Regex

Updated: 04/26/2017 by Computer Hope

Short for regular expression, a regex is a string of text that allows you to create patterns that help match, locate, and manage text. Perl is a great example of a programming language that utilizes regular expressions. However, its only one of the many places you can find regular expressions. Regular Expressions can also be used from the command line and in text editors to find text within a file.

When first trying to understand regular expressions it seems as if it is a different language. However, mastering regular expressions can save you thousands of hours if you work with text or need to parse large amounts of data. Below is an example of a regular expression with each of its components labeled. This regular expression is also shown in the Perl programming examples shown later on this page.

Regular expression

The basics of regular expressions (cheat sheet)

Looking at the above example may be overwhelming. However, once you understand the basic commands of how regular express commands operate you can read the above example just as if you are reading this sentence. Unfortunately, not all programs, commands, and programming languages use the same regular expressions, but they all share similarities.

Character What does it do? Example Matches
^ Matches beginning of line ^abc abc, abcdef.., abc123
$ Matches end of line abc$ my:abc, 123abc, theabc
. Match any character a.c abc, asg, a123c
| OR operator abc|xyz abc or xyz
(...) Capture anything matched (a)b(c) Captures 'a' and 'c'
(?:...) Non-capturing group (a)b(?:c) Captures 'a' but only groups 'c'
[...] Matches anything contained in brackets [abc] a,b, or c
[^...] Matches anything not contained in brackets [^abc] xyz, 123, 1de
[a-z] Matches any characters between 'a' and 'z' [b-z] bc, mind, xyz
{x} The exact 'x' amount of times to match (abc){2} abcabc
{x,} Match 'x' amount of times or more (abc){2,} abcabc, abcabcabc
{x,y} Match between 'x' and 'y' times. (a){2,4} aa, aaa, aaaaa
* Greedy match that matches everything in place of the * ab*c abc, abbcc, abcdc
+ Matches character before + one or more times a+c ac, aac, aaac,
? Matches the character before the ? zero or one times. Also, used as a non-greedy match ab?c ac, abc
\ Escape the character after the backslash or create an escape sequence. a\sc a c

Escape characters (escape sequence)

Note: escape characters are case sensitive.

Character What does it do?
\ Any character not mentioned below preceded with a \ will be escaped. For example, \. matches a period and does not perform the function mentioned above. Characters that should be escaped are () [] {} ^ $ . | * + ? \
\0 Null character
\a Match a bell or alarm.
\b Word boundary in most or backspace
\B Non word boundary
\d Match any decimal digit (0-9)
\D Match any non digit
\e Match an escape
\f Match a form feed
\n Match a new line
\Q...\E Ignores any special meaning in what is being matched.
\r Match a carriage return
\s Matches a space character (space, \t, \r, \n)
\S Matches any non-white space character
\t Match a tab
\v Match a vertical tab
\w Matches any one word character [a-zA-Z_0-9]
\W Matches any one non word character

Regular expression flags

Outside the regular expression (at the end) flags can be used to help with the pattern matching.

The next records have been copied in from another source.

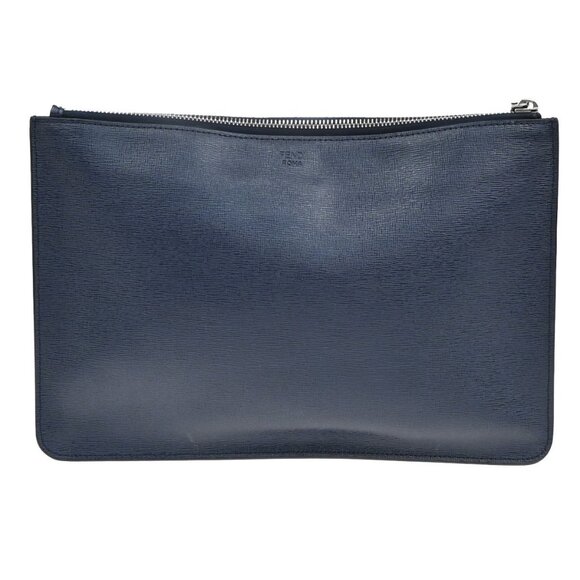 FENDI Logo Bugs Monster Clutch Hand Bag Leather Navy Blue SHW Italy 67KA952 - Picture 3 of 15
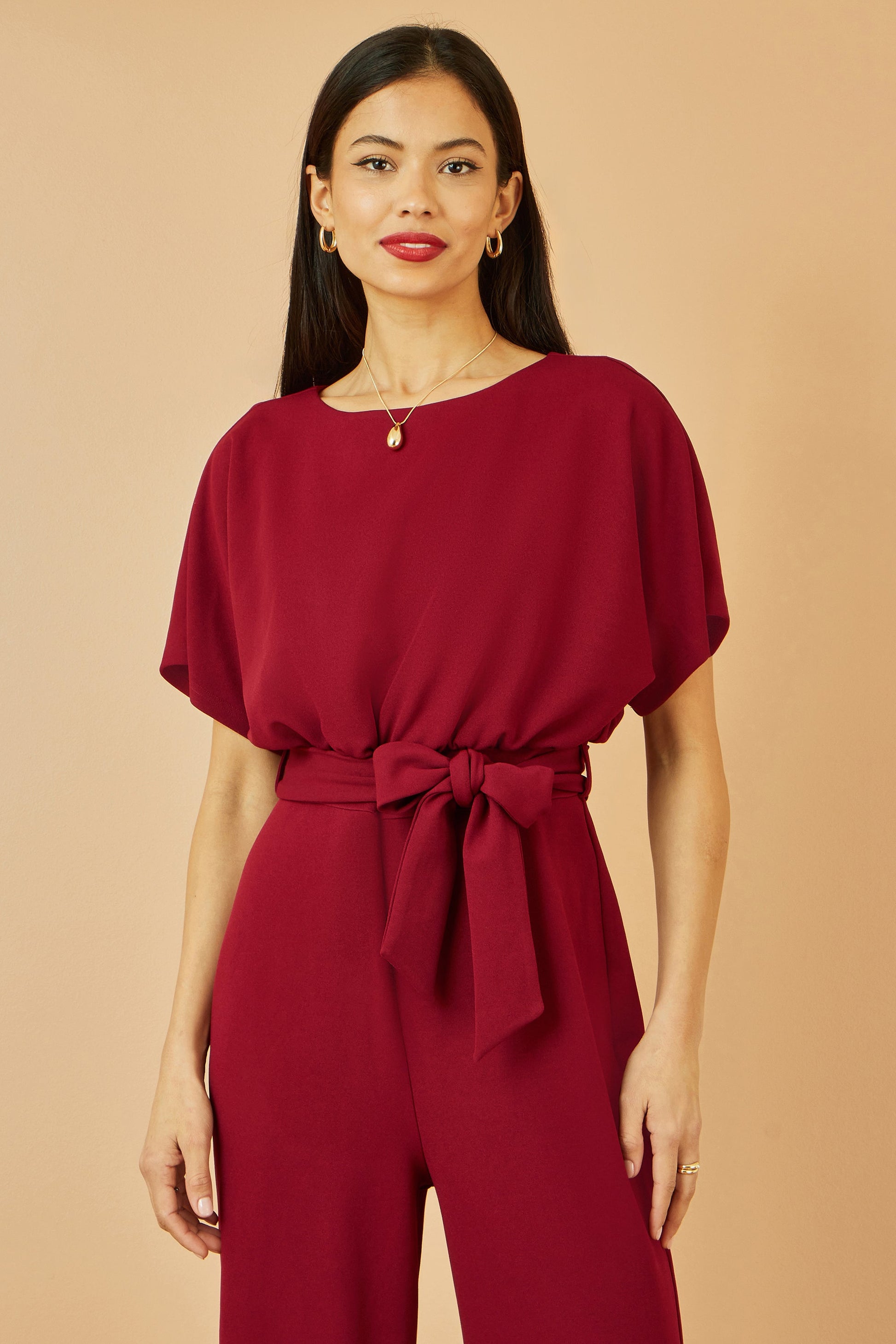 Yumi Burgundy Batwing Stretch Jumpsuit  Envy Boutique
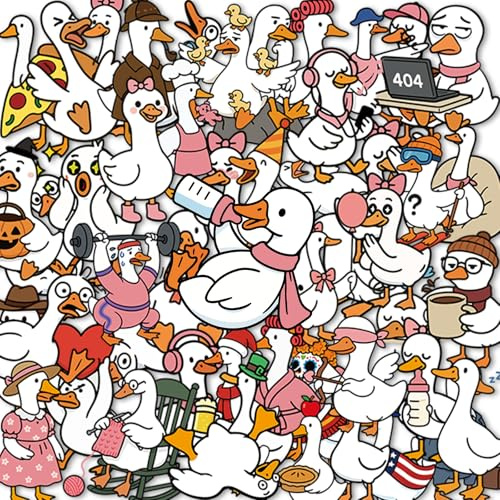 BOXOB 50stk Niedliche Gänse Aufkleber, Wasserdicht Eine Gans Meme Sticker Lustig Albernes Tier Mädchen Babyfeier Deko Kreativ Zertifizierte Gänse Abziehbilder für Wasserflasche Telefon Laptop Auto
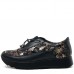 Pantofi casual dama, Glemis, piele naturala - Model: AN-1400, Culoare: Negru Floral, Marime: 38 (24.4 cm)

Character What does it do?
i Ignore the case (upper and lower case allowed)
m Multi-line match
s Match new lines
x Allow spaces and comments
J Duplicate group names allowed
U Ungreedy match

Perl programming language regular expression examples

Below are a few examples of regular expressions and pattern matching in Perl. Many of these examples are similar or the same to other programming languages and programs that support regular expressions.

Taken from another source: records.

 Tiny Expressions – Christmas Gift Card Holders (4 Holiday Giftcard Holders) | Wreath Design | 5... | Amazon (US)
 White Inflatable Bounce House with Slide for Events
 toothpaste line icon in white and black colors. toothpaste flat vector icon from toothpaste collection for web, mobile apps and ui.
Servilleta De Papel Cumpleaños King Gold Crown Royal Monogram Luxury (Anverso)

$data =~ s/bad data/good data/i;

The above example replaces any "bad data" with "good data" using an case-insensitive match. So if the $data variable was "Here is bad data" it would become "Here is good data".

$data =~ s/a/A/;

This example replaces any lowercase a with an uppercase A. So if $data was "example" it would become "exAmple".

$data =~ s/[a-z]/*/;

The above example replaces any lowercase letter, a through z, with an asterisk. So if $data was "Example" it would become "E******".

$data =~ s/e$/es/;

This example uses the $ character, which tells the regular expression to match the text before it at the end of the string. So if $data was "example" it would become "examples".

$data =~ s/\./!/;

In the above example, we are replacing a period with an exclamation mark. Because the period is a meta-character if you only entered a period without the \ ( escape) it is treated as any character. In this example, if $data were "example." it would become "example!", however, if you did not have the escape it would replace every character and become "!!!!!!!!"

$data =~ s/^e/E/;

Finally, in this above example the carrot ( ^ ) tells the regular expression to match anything at the beginning of the line. In this example, this would match any lowercase e at the beginning of the line and replace it with a capital E. Therefore, if $data was "example" it would become "Example".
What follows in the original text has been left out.